Pour toute réponse, Rémiel se contenta de sourire à nouveau.
« Oh, tu y viendras. Quand tu seras prêt. »
Il fallait bien s'en douter, des murmures concernant le groupe de Rémiel ne tardèrent pas à se répandre. Principalement pour leurs idées scandaleuses.
« Non mais tu te rends compte ? Vouloir s'abaisser au niveau des humains ? »
« Il faut être taré ! Vraiment, ils ont perdu la tête ! »
Quand il entendait ces rumeurs, Daniel gardait le silence et repensait à Kiya. A ses immenses yeux semblables à des billes d'onyx, lui posant encore et encore la même question.
Comment peux-tu m'aimer ? Je ne suis qu'une humaine… et encore, pas la plus belle ou la mieux née.
A cette question, Daniel n'avait pas de réponse à donner.
Il était amoureux. L'amour, ça ne peut pas s'expliquer. Voilà tout. Même pour un ange.

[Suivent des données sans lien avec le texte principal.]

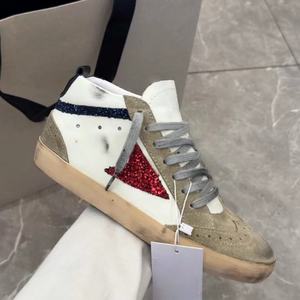 Sneakers décontractées de style rétro grunge de marque renommée, tendance pour hommes et femmes, avec options de personnalisation. - Product Image 6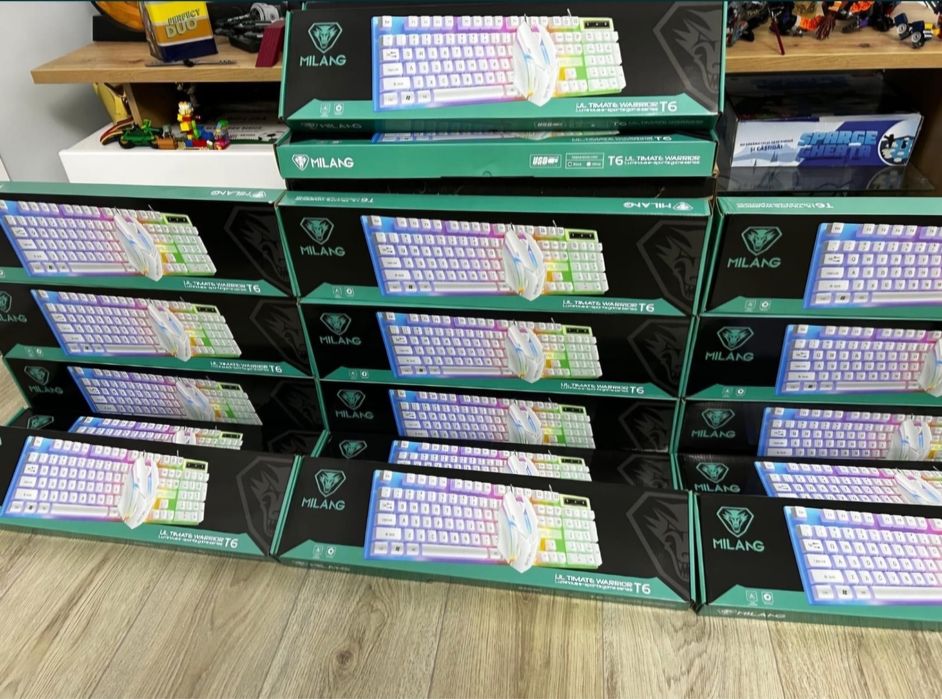 Vand Kit tastatura + mouse gaming RGB calculator pc desktop sistem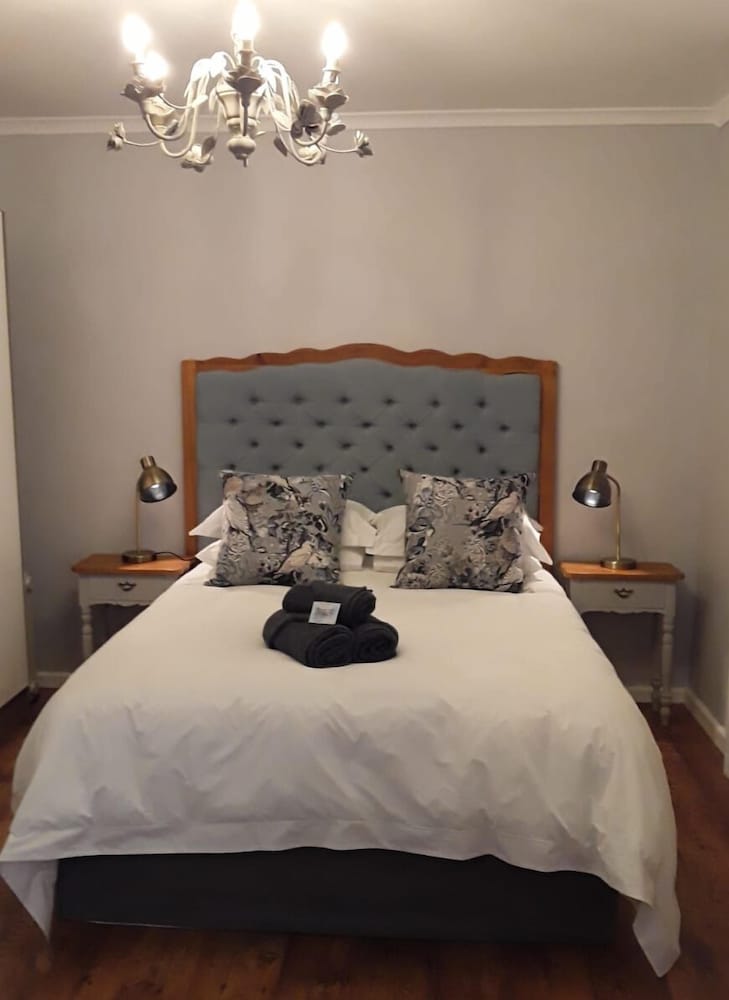 Dellville Country House & Cottages 10/50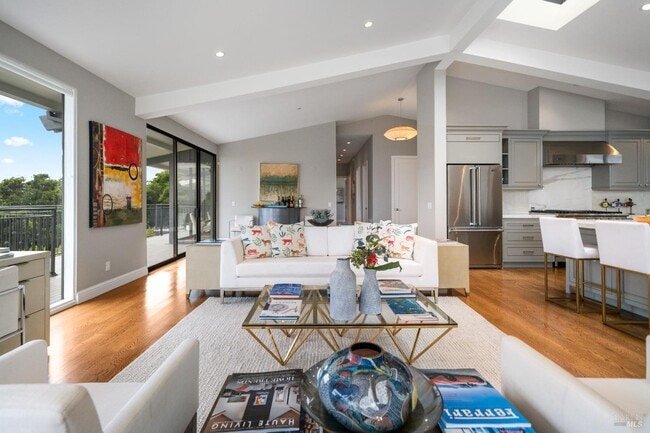 Building Photo - 30 Eucalyptus Rd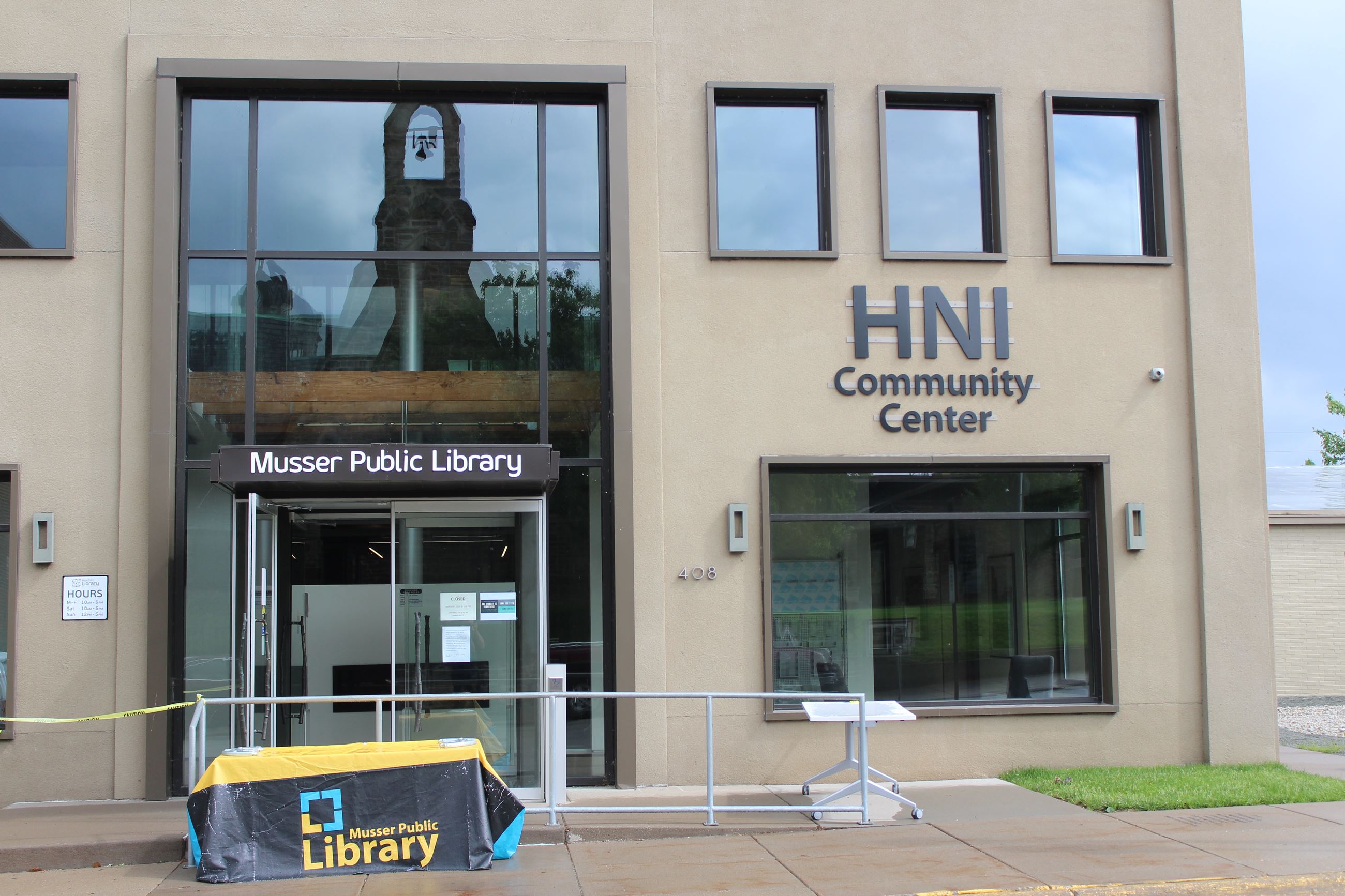 052720 Musser Public Library North Side Entrance (JPG)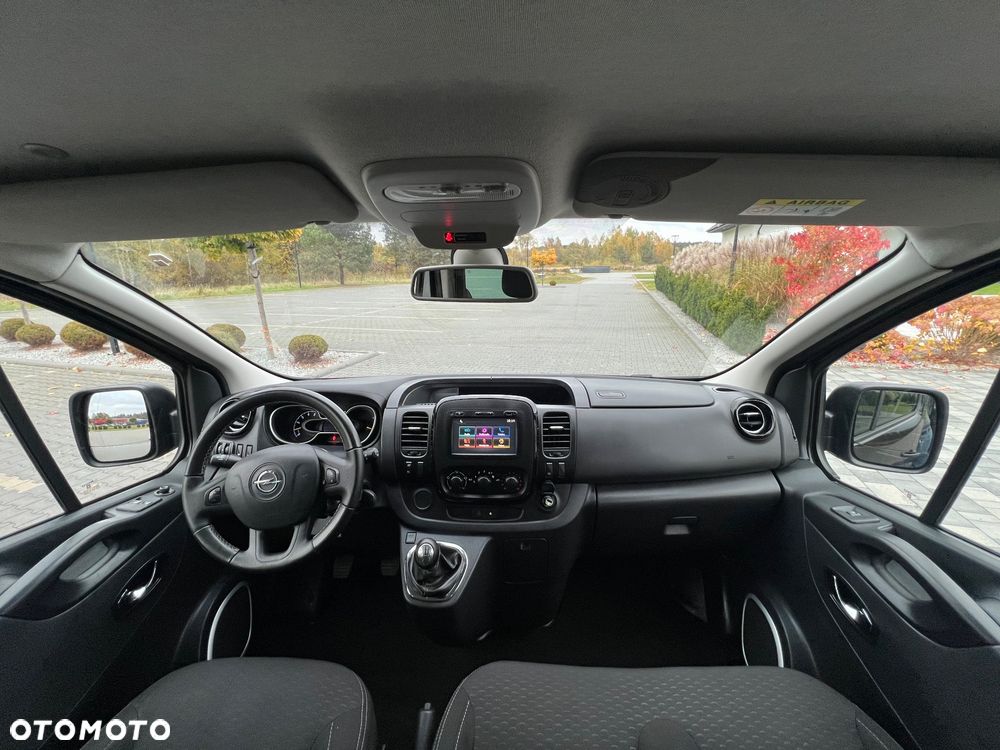 Opel Vivaro - 17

Il se doutait que ça arriverait, mais il n'en éprouva pas moins un choc lorsqu'il arriva sur les lieux où Kiya était en train de se faire lapider. Et dans la foule, se trouvait sa famille, pas moins.
« Alors c'est toi le mauvais esprit qui a envoûté ma fille ? » lui cracha le meneur.
Il ne répondit pas et s'accroupit pour prendre son amante dans ses bras. Elle vivait, même si une pierre l'avait assommée en lui heurtant la tempe avec suffisamment de force pour la faire saigner.
« Comment vous avez pu ? » gronda-t-il, sans pouvoir empêcher un soupçon de sa vraie voix de filtrer dans celle de son véhicule.
« Et toi » répliqua l'autre, « comment as-tu pu l'approcher, démon ? Tu l'as séduite avec tes belles paroles et tes charmes, et maintenant elle est grosse de ton engeance impie ! »
Il n'avait pas pu se contrôler. L'instant suivant, tous les humains assemblés pour la curée hurlaient, les mains plaquées sur leurs orbites désormais vides. Et lui, il s'était envolé avec la jeune fille.
Enceinte.
Sous la paume de sa main, laquelle reposait sur le ventre de l'humaine, il pouvait sentir palpiter un minuscule éclat de conscience. Une âme à peine formée.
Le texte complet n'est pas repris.